I have just finished reading Chris's biography, Jazz me blues. My first thought after shelling out my £19.99 was that at under 200 pages it was a bit thin. Having said that I thoroughly enjoyed the read and am pleased to add it to my considerable Chris Barber collection.
There was quite a lot about the bands trips to America and the musicians and music that fired Chris's enthusiasm for the music, and very interesting it was. As a teenager I was introduced to British Traditional jazz in 1960 via Tuesday nights at Barnet jazz club and trips to the Wooden Bridge at Guildford. Mick Mulligan and the Simms Wheeler Vintage jazz band were the first I saw and it was the British scene that fired my love for the music which has lasted to this day. Consequently it was the stories about the British scene I enjoyed the most. I heard Lonnie tell his story about turning up to a rehearsal with a banjo he just bought but couldn't play until Chris showed him how on at least two occasions, so it is interesting that it was perhaps just an amusing story not based on fact. The departure of Monty Sunshine was a BIG story to Barber fans and I thought the book past it by with very little comment. I lived in Woodside Park near where Monty lived and saw him play many times locally and chatted to him a lot ( on one occasion after a session at the Conservative Hall Finchley he asked myself and a friend if we would like to go up to the 100 club with him to see a New Orleans clarinetist, I think it was Ed Hall. We went of course) Monty was fairly anti Barber in those early years and I remember Ken Lindsay who ran the Barnet Jazz club in Barnet admonishing him for slagging off the next weeks band (which was Chris) as last week it was him. The reason I have remained a Barber fan for so long is the fact that he did change and experiment, the addition of John Slaughter was for me the best thing that happened to the band. To anyone who has not read the book it is a very worth while read. Long may Chris continue !

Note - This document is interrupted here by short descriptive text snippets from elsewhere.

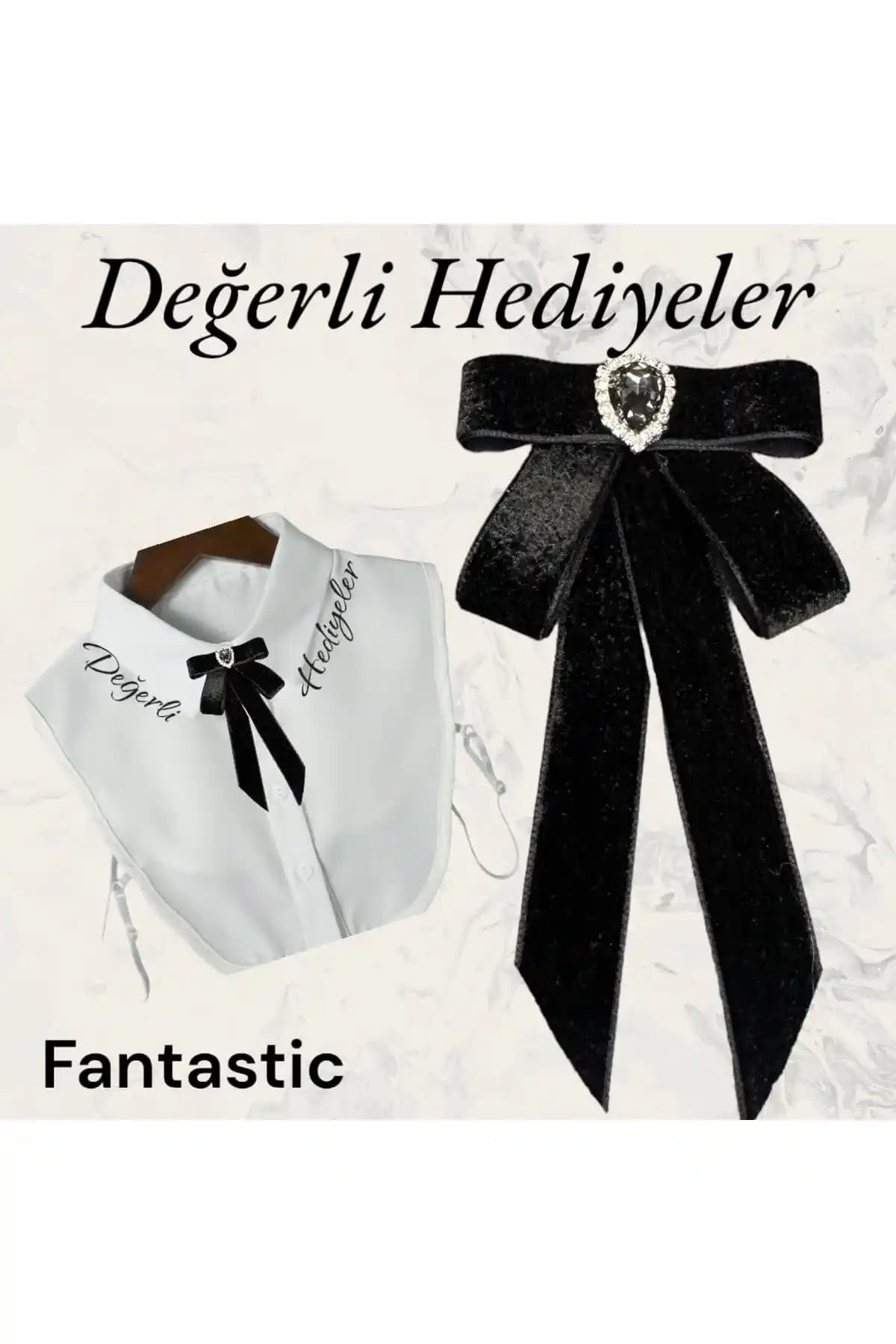 AGH Değerli Hediyeler ve Audra Handmade Yaka Aksesuarlarının Karşılaştırması
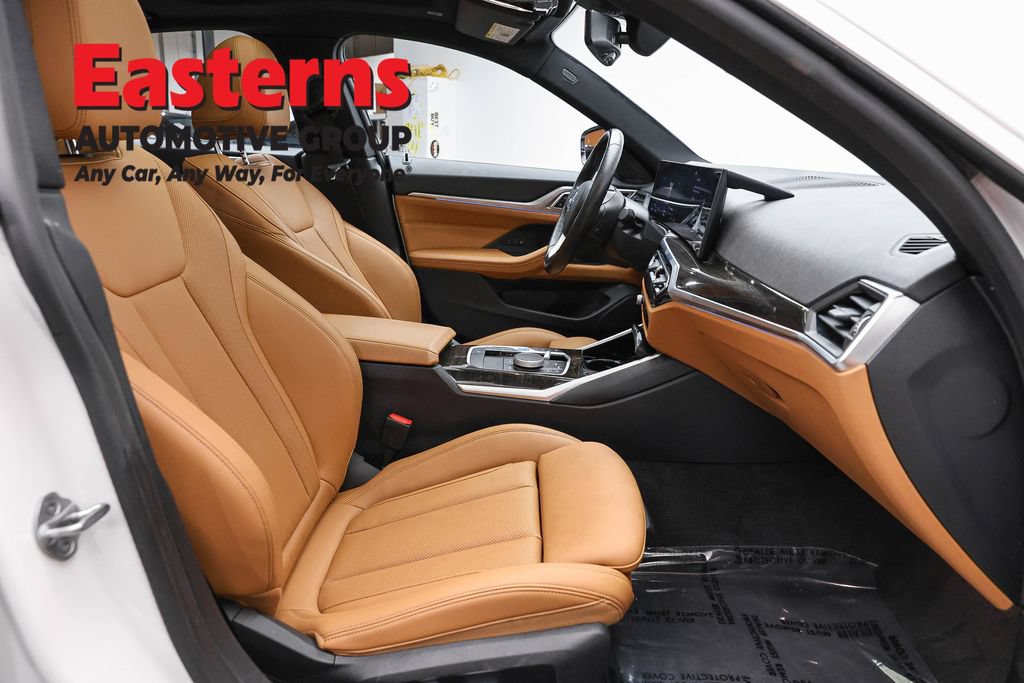 Used 2023 BMW i4 eDrive35 w/ Premium Package RWD image 25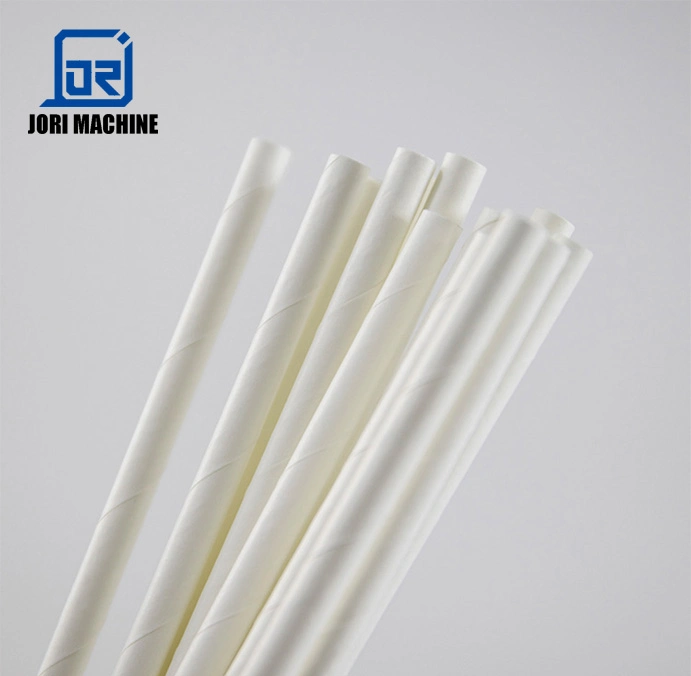 Higher Efficiency Paper Drinking Straw Making Cutting Machine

I enjoyed the book too and also think it was much thinner than it could have been. No mention of the back room boys such as Richard Oliver for example (with the band for 25 years), who we got to know very well when the band visited NZ (and Australia) in 2000.
There must be so many more memories that could be aired and more than enough for volume 2? The concentration on the American tours and the dozens of musicians encountered wasn't easy reading, but good to see a section on the cars! It would be interesting to hear Chris's opinion of his contemporaries for example - and even some of the many band members, particularly of more recent times. Big thanks to the publishers, who replaced my first copy as there was a binding fault.